→ **Task instructions**
Print the lines from the one containing "Controplacca duo per modello fidia KARIBA" through the end of the material below, both included, exactly as they appear and without pictures.

Segment Start: Records shown

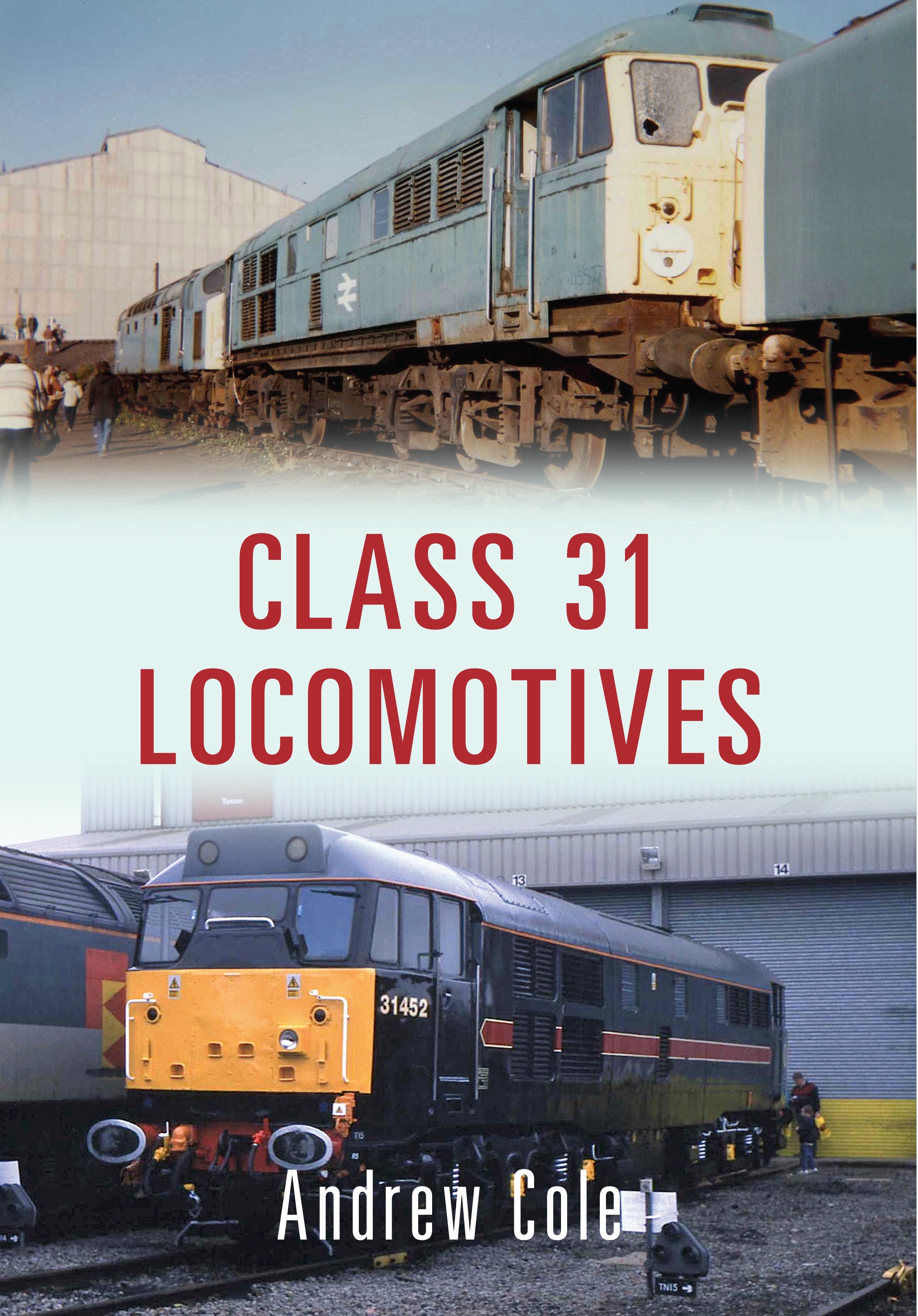 class 31 locomotives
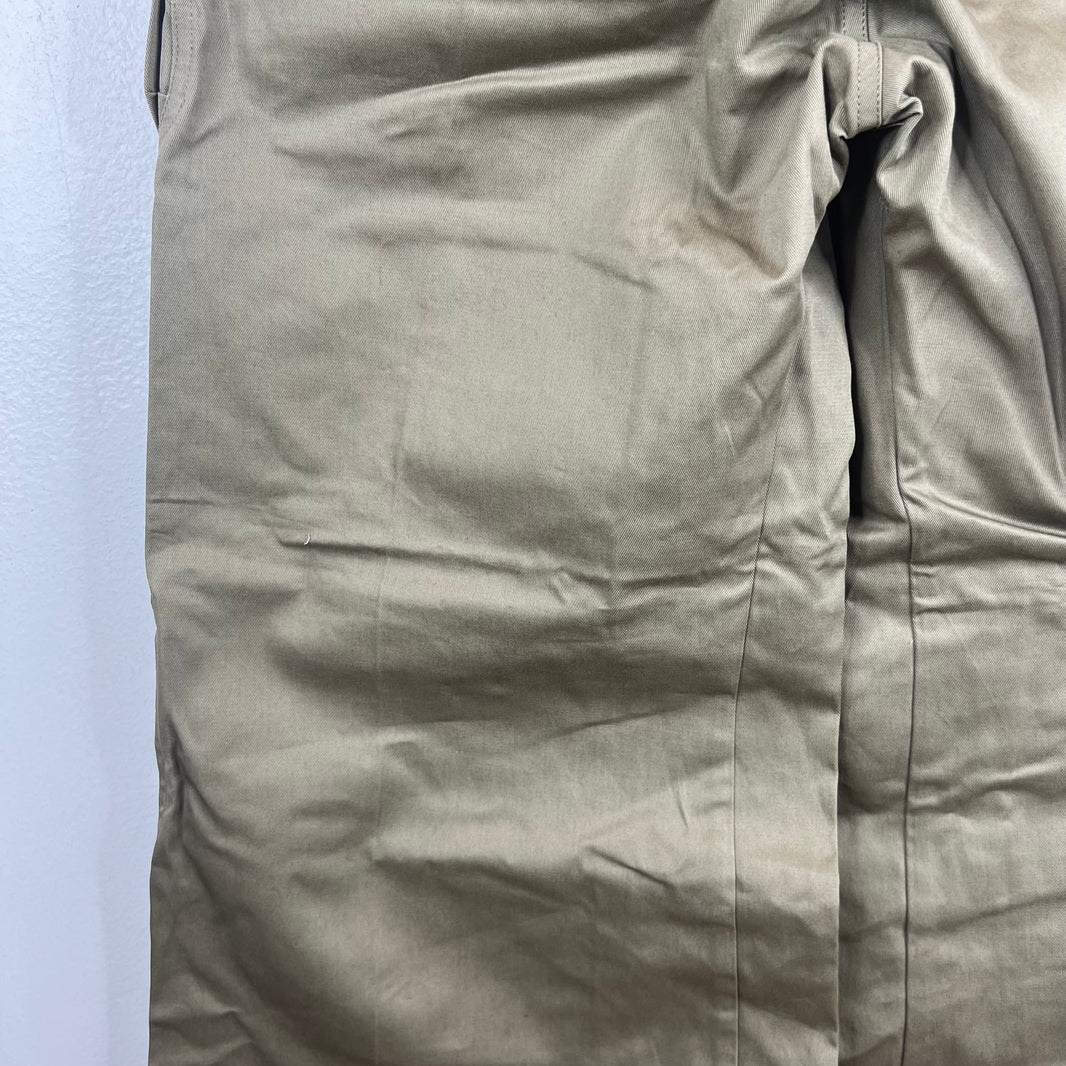 DRKSHDW Olive Double Bela Cargo Pants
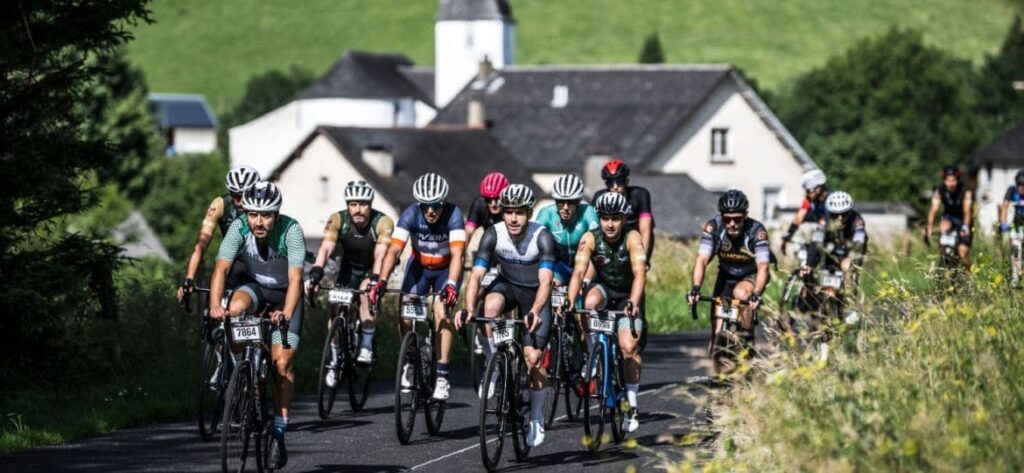 Marcha Cicloturista Ibercaja Quebrantahuesos
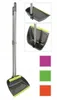 Kehrset Besen + Kehrschaufel 90 cm Produktbild-Vorschau 2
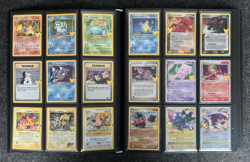 Pokemon Celebrations Master Set | Promos | Gold Metal Charizard Pikachu | Binder - Image 5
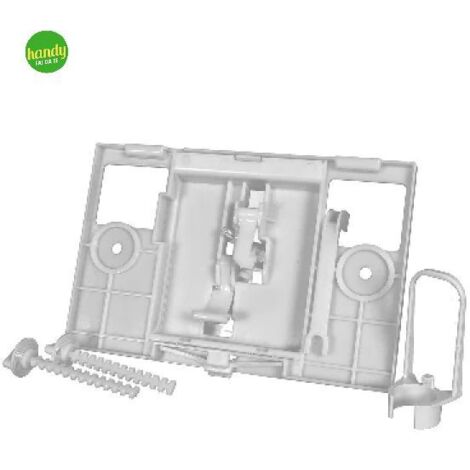 Controplacca duo per modello fidia KARIBA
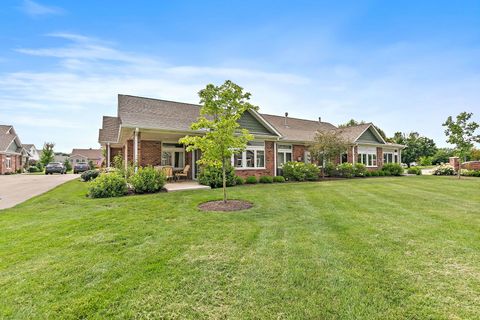 Tiny photo for 411 Stearn Drive #411, Genoa, IL 60135 (MLS # 12429578)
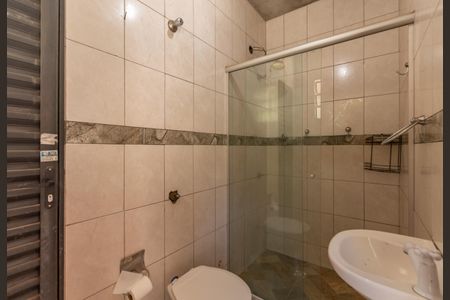 Casa para alugar com 360m², 4 quartos e 4 vagasBanheiro do Espaço Gourmet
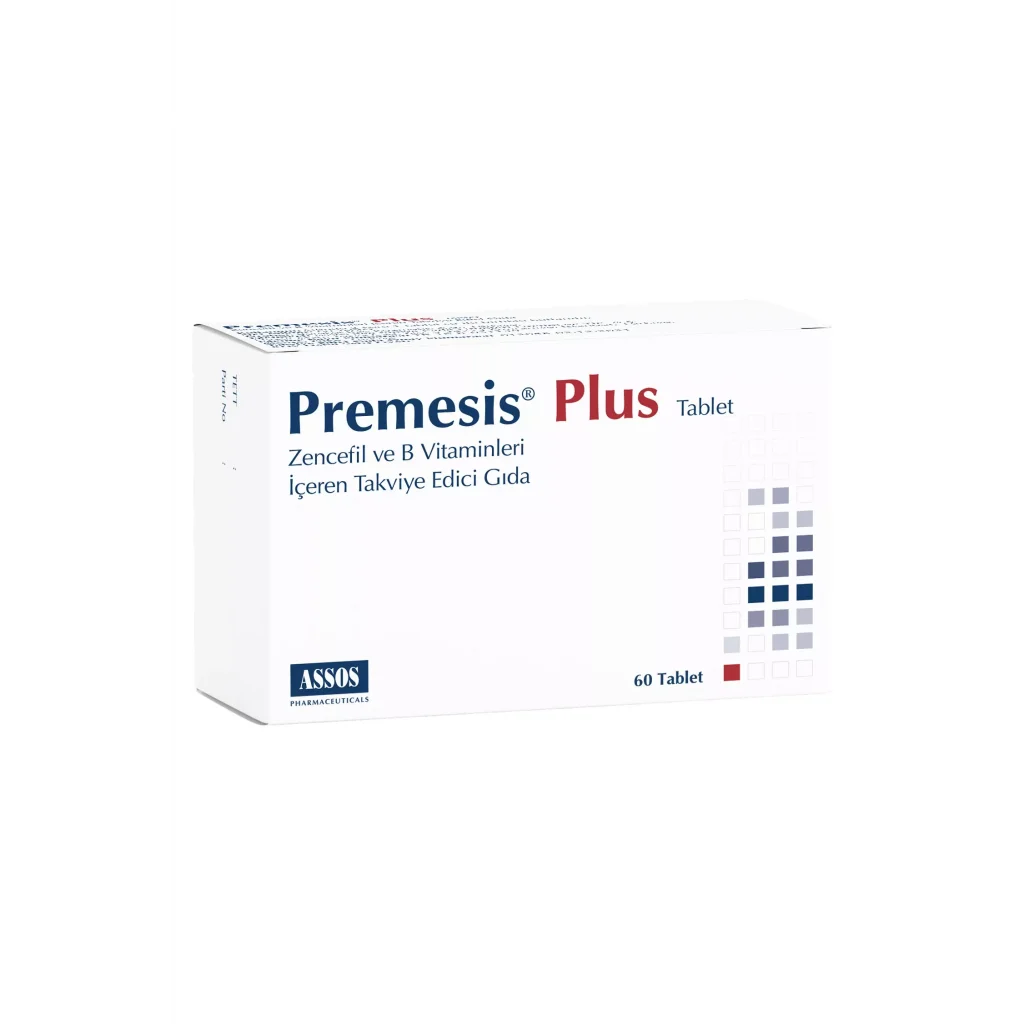 Premesis Plus 60 Tablet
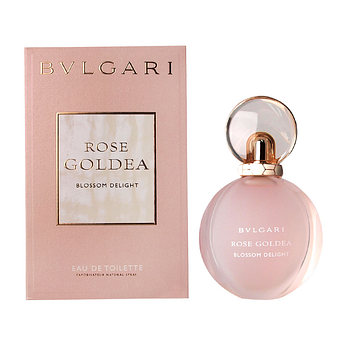 BVLGARI PERFUME 불가리 로즈 골데아 블러썸 딜라이트 오 드 뚜왈렛 75ml | 신세계V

Segment End: Records shown

→ **Your solution**
 Controplacca duo per modello fidia KARIBA
 Tiny photo for 411 Stearn Drive #411, Genoa, IL 60135 (MLS # 12429578)
 Casa para alugar com 360m², 4 quartos e 4 vagasBanheiro do Espaço Gourmet
 Premesis Plus 60 Tablet
 BVLGARI PERFUME 불가리 로즈 골데아 블러썸 딜라이트 오 드 뚜왈렛 75ml | 신세계V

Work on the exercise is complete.